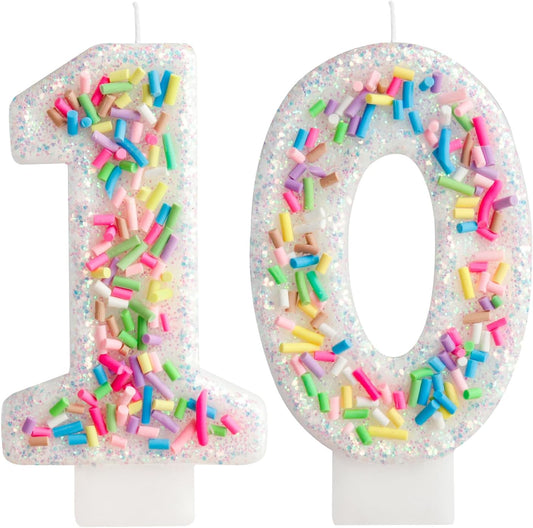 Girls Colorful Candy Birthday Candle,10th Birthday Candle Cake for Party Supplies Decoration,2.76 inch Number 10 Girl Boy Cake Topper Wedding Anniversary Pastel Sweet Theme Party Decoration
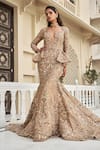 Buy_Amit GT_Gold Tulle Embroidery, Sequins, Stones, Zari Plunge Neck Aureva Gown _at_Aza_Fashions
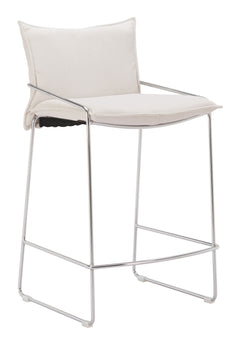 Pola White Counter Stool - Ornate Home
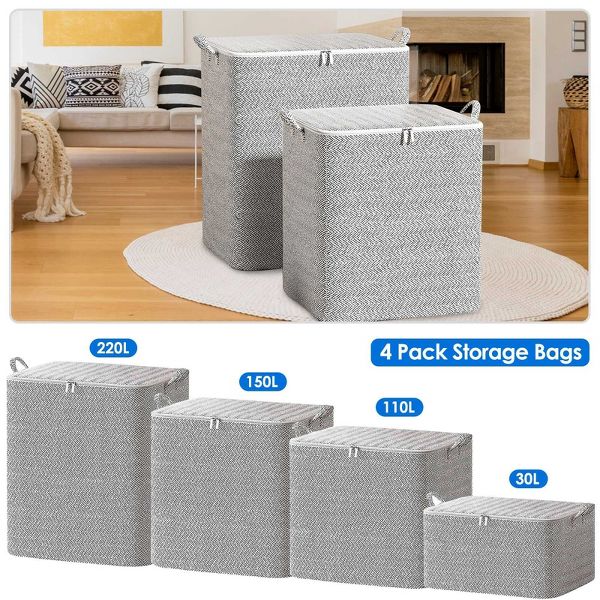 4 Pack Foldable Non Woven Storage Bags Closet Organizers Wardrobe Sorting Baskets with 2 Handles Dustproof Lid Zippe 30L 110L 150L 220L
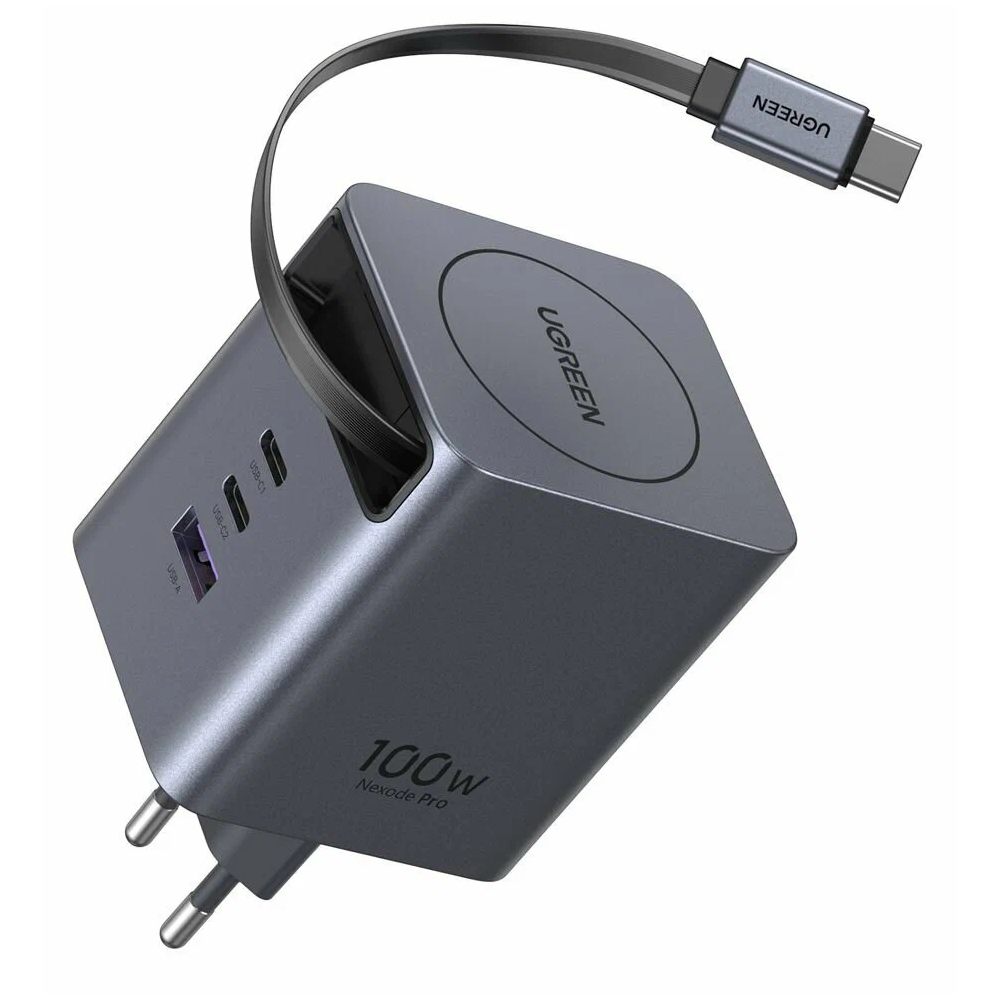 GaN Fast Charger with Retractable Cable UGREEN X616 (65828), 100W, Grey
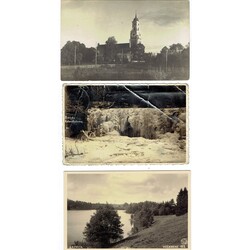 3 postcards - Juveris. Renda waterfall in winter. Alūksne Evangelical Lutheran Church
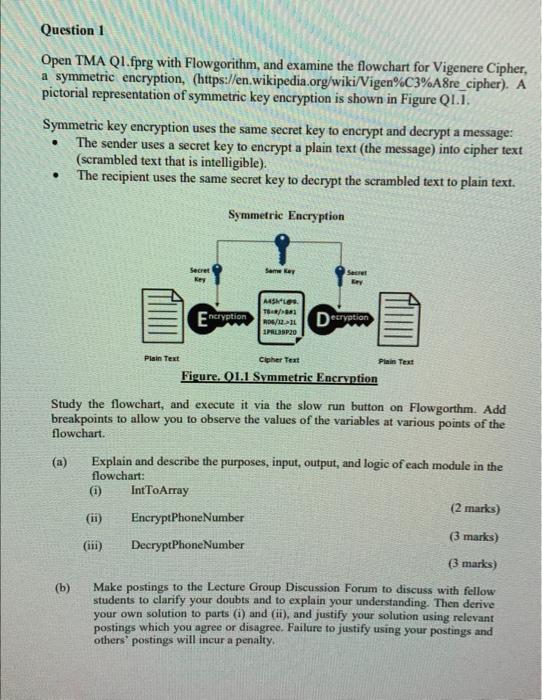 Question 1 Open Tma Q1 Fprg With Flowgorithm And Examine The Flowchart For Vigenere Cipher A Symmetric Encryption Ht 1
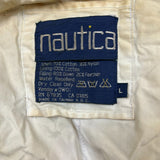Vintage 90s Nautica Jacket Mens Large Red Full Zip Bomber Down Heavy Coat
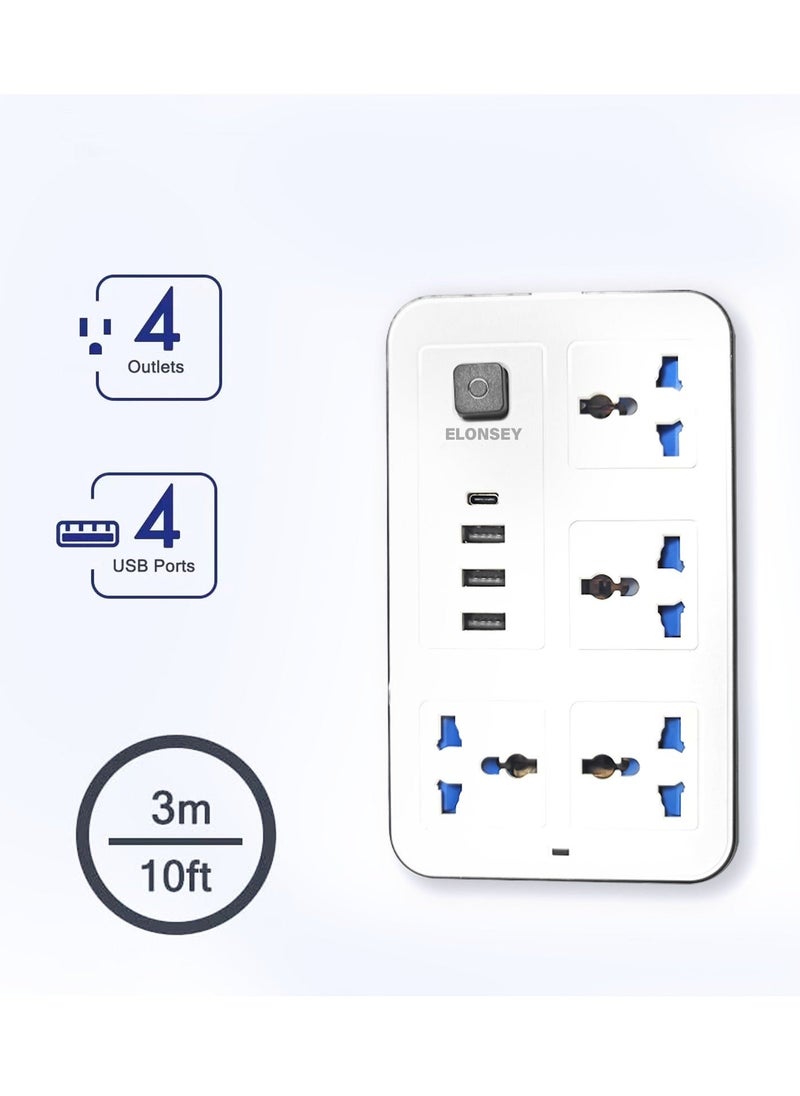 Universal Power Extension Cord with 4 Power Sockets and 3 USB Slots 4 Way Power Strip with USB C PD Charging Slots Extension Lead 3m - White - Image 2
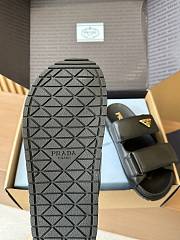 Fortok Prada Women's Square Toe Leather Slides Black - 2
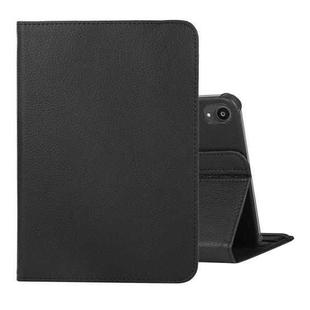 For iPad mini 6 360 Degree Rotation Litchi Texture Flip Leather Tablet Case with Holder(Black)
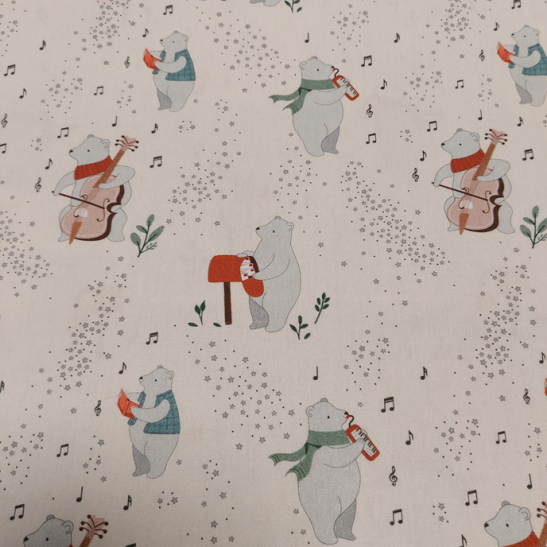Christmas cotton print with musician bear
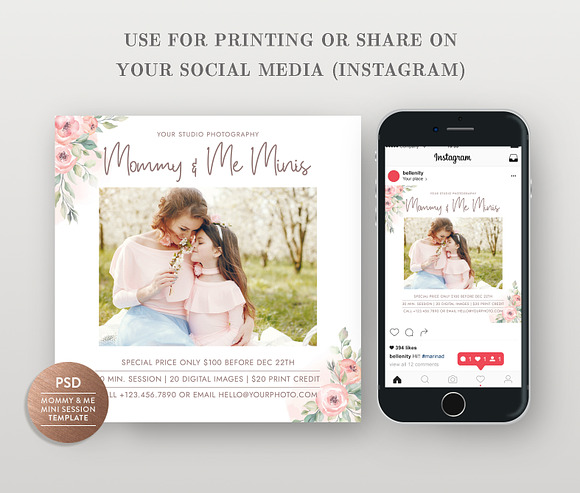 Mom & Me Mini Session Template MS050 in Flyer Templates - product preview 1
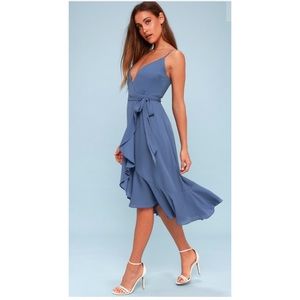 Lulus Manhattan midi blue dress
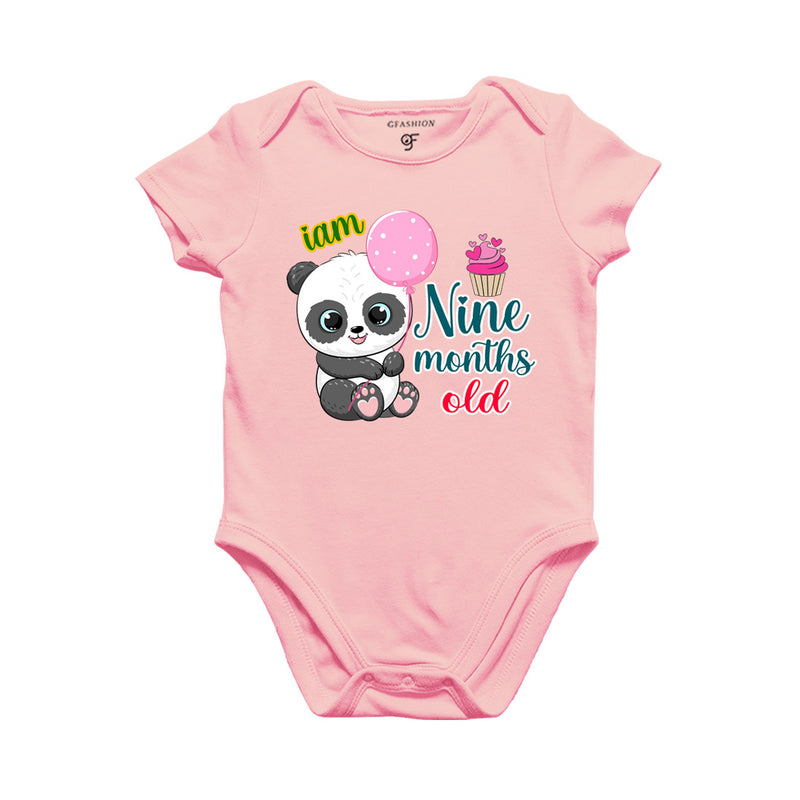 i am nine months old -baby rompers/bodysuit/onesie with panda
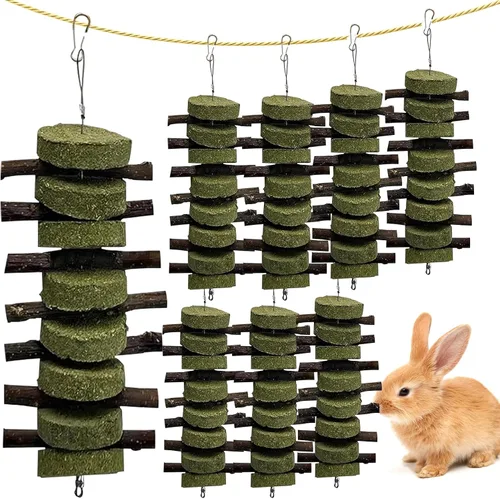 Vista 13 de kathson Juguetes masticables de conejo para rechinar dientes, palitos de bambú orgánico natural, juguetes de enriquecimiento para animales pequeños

===============

*Problem to work on*.
Each line of the listing above should be retyped exactly, with no pictures.

*Response box*.
 Girls Colorful Candy Birthday Candle,10th Birthday Candle Cake for Party Supplies Decoration,2.76 inch Number 10 Girl Boy Cake Topper Wedding Anniversary Pastel Sweet Theme Party Decoration
 Buy_Amit GT_Gold Tulle Embroidery, Sequins, Stones, Zari Plunge Neck Aureva Gown _at_Aza_Fashions
 Pola White Counter Stool - Ornate Home
 4 Pack Foldable Non Woven Storage Bags Closet Organizers Wardrobe Sorting Baskets with 2 Handles Dustproof Lid Zippe 30L 110L 150L 220L
 GaN Fast Charger with Retractable Cable UGREEN X616 (65828), 100W, Grey
 3 postcards - Juveris. Renda waterfall in winter. Alūksne Evangelical Lutheran Church
 Question 1 Open Tma Q1 Fprg With Flowgorithm And Examine The Flowchart For Vigenere Cipher A Symmetric Encryption Ht 1
Vintage 90s Nautica Jacket Mens Large Red Full Zip Bomber Down Heavy Coat
 Universal Power Extension Cord with 4 Power Sockets and 3 USB Slots 4 Way Power Strip with USB C PD Charging Slots Extension Lead 3m - White - Image 2
 Fortok Prada Women's Square Toe Leather Slides Black - 2
 For iPad mini 6 360 Degree Rotation Litchi Texture Flip Leather Tablet Case with Holder(Black)
Christmas cotton print with musician bear
 Mom & Me Mini Session Template MS050 in Flyer Templates - product preview 1
 Lulus Manhattan midi blue dress
 i am nine months old -baby rompers/bodysuit/onesie with panda
 Vista 13 de kathson Juguetes masticables de conejo para rechinar dientes, palitos de bambú orgánico natural, juguetes de enriquecimiento para animales pequeños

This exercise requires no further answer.